REQUIRED ACTION: Please report how many lines of the data include the word "Ford", with the number as the entire reply.

[Stored data]
------------------------------------------------------------

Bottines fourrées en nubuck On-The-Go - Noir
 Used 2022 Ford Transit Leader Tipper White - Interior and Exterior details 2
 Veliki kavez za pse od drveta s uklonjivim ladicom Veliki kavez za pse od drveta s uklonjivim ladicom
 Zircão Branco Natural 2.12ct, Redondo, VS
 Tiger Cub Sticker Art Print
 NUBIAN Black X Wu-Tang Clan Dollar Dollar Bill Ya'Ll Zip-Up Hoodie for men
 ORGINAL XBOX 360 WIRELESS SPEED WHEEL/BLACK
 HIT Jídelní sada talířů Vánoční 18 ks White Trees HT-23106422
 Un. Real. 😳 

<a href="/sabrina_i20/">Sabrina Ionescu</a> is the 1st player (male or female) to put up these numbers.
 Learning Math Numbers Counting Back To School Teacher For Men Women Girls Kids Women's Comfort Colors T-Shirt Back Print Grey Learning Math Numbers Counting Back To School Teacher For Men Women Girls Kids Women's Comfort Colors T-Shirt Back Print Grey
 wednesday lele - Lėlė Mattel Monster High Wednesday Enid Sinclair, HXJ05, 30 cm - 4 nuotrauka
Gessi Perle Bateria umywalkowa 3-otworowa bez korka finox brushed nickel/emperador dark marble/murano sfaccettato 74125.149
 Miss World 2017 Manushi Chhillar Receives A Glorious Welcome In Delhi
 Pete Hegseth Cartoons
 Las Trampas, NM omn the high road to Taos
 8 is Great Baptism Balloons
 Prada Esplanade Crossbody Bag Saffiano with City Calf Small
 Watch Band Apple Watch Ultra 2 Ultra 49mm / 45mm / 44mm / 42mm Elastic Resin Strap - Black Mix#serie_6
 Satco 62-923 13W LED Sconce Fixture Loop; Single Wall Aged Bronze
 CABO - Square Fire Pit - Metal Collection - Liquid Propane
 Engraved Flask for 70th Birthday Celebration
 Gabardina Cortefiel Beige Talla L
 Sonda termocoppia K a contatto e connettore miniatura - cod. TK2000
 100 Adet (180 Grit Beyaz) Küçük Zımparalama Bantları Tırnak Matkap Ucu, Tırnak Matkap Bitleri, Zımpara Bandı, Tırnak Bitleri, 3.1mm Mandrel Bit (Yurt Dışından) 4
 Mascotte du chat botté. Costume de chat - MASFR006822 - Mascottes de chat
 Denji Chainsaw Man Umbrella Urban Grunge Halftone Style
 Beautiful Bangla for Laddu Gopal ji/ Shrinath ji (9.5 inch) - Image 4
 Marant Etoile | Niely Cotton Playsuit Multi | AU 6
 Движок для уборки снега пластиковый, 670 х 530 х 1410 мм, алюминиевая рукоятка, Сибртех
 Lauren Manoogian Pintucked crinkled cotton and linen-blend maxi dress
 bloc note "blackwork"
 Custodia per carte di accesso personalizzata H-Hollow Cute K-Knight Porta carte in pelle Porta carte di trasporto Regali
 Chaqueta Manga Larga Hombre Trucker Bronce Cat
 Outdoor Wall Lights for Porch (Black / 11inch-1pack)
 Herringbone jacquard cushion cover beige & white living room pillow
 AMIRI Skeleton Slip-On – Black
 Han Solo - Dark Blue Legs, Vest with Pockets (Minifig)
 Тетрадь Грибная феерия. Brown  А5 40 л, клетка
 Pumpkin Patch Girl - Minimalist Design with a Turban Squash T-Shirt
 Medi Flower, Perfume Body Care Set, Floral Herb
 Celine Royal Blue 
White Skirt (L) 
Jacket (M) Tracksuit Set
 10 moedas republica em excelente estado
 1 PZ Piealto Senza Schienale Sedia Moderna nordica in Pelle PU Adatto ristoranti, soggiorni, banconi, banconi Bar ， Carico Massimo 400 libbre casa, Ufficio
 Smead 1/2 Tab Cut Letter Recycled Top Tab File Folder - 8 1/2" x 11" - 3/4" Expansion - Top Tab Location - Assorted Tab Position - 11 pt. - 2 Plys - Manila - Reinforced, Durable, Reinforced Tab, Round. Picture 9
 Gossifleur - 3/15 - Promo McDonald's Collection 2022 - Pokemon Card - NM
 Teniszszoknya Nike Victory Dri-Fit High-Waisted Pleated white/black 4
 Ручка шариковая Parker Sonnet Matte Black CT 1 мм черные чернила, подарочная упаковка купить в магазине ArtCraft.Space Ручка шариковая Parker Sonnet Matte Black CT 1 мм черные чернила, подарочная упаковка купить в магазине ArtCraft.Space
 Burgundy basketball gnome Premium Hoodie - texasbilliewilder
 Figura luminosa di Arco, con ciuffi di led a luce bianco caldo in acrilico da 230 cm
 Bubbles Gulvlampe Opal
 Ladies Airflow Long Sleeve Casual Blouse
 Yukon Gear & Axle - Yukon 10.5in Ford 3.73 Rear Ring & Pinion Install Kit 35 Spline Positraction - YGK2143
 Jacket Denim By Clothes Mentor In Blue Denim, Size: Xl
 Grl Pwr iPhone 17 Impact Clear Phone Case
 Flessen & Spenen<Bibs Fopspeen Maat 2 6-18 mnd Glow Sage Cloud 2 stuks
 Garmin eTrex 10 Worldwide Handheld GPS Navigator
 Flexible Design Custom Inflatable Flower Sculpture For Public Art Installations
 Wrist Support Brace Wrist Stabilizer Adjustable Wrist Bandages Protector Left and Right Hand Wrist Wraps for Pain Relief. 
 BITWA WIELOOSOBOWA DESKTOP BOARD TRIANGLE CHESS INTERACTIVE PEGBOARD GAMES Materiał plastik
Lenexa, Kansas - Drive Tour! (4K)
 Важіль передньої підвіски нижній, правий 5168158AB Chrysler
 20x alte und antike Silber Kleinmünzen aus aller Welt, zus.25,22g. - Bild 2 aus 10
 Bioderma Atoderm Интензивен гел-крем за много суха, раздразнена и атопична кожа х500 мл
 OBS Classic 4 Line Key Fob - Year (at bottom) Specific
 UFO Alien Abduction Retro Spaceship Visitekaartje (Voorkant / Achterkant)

------------------------------------------------------------

SOLUTION: 2